DERAILED

D-

Maybe it’s a cunning move on the part of The Weinstein Company to inaugurate its post-Miramax release schedule with such a perfectly awful excuse for a thriller as “Derailed.” After all, from here the new distributor has nowhere to go but up.

There are few things in cinema more depressing than a suspenseless suspenser, which is what screenwriter Stuart Beattie and director Mikael Hafstrom have cobbled together–I was going to say crafted, but that verb hardly applies in this instance–from a novel by James Siegel (“Collateral”). Like “Unfaithful” before it (which was coincidentally also shot, though far more elegantly, by cinematographer Peter Biziou), “Derailed” begins with an act of infidelity that has unhappy consequences. (In today’s political climate, it would seem impossible to portray a marital collapse that actually works out well for people.) In this case, the plot’s set in motion when Chicago ad man Charles Schine (Clive Owen, sporting an American accent that goes on and off) boards a commuter train for work one morning without the cash to pay for his ticket. Luckily–or not–Lucinda Harris (Jennifer Aniston), a fellow passenger, is willing to give him the needed funds. Thus begins an affair though both Schine and Harris are married with children, Schine having not only a schoolteacher wife (Melissa George) but a diabetic daughter (Addison Timlin) on whom he dotes. Still they proceed from dinner to drinks to a session in a low-rent hotel. Unfortunately, the amorous couple is interrupted by a brutal interloper, the thuggish LaRoche (Vincent Cassel), who beats up the man and takes advantage of the woman while her would-be lover lies battered in the corner. To avoid a scandal, Charles is pressured by Lucinda not to go to the cops–a decision that proves very unwise when LaRoche, now aided by a even bigger bruiser called Dexter (Xzibit), begins blackmailing him. Charles tries to outwit his tormentor–at one point even enlisting Winston (RZA), a colleague at the firm who happens to be an ex-con, to help him–but all his efforts manage to do is bring him more pain, degradation and danger, until a big twist that’s supposed to make us all gasp in surprise. Unfortunately, only the most unobservant or drowsy viewer will have missed the signs pointing to the revelation that have been posted along the way–unless he’s a dumb as Charlie Schine. And after this the movie drags on for another half hour or so, piling absurd climax upon absurd climax in a futile attempt to keep the adrenaline pumping. It ends up seeming both ridiculous and repulsive, all at once.
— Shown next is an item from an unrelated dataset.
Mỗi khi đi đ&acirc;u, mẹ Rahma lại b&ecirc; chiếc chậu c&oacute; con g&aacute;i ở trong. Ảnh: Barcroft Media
Presumably those behind “Derailed” thought that what they had on their hands was a sort of mix between “Fatal Attraction” and “Wait Until Dark” in which LaRoche’s apparently insatiable lust, not merely for sex but for money and violence, would serve the same function that Alex Forrest’s vengeful rage did in Adrian Lyne’s movie while giving Cassel the opportunity to do a bargain-basement imitation of Alan Arkin’s Harry Roat. But though “Attraction” was undoubtedly a crudely manipulative potboiler, Glenn Close’s ferocity gave it a frisson that’s entirely lacking here; Cassel’s grimaces and sneers–not much more than a riff on the sort of shtick Richard Widmark did to far greater effect in “Kiss of Death”–are more likely to provoke giggles than shudders; and it frankly gets tiresome to watch Owen playing the schmuck and repeatedly getting punched around. As for Aniston, one is more likely to sympathize with her off-screen tribulations than with those her character supposedly faces here. She’s given so little screen time that Lucinda never becomes anything more than a brittle femme fatale; instead we have to watch Charles getting pummeled for the umpteenth time. And it certainly doesn’t help that she and Owen strike absolutely no sparks as two people supposedly entranced with one another, or that their blandness throws the plot’s periodic dependence on much better films–“North by Northwest,” “Psycho,” “Charade,” to name but a few–into sharper relief.

All of which makes for a distinctly unimpressive American debut for Swedish helmer Hafstrom, whose pacing too frequently comes off feeling haggard and does little to conceal the Grand Canyon-sized holes in the screenplay. Technically “Derailed” is okay, but even on this level it lacks a real consistency of tone–a failing the background score, combining Edward Shearmur’s insistent orchestral music with occasional bursts of rap, shares.

The fact that the Weinstein Company realized it had a loser with “Derailed” is demonstrated by the fact that they barred internet critics from early screenings of the movie, allowing them–at least in the Dallas market–to attend only those on the Thursday night before opening. One can understand the fledgling studio’s desire to keep a stinker like this under wraps as long as possible, but they can’t prevent the truth from getting out in time to serve as a warning to potential first-day viewers. This silly, sleazy stiff is a train-wreck of a movie.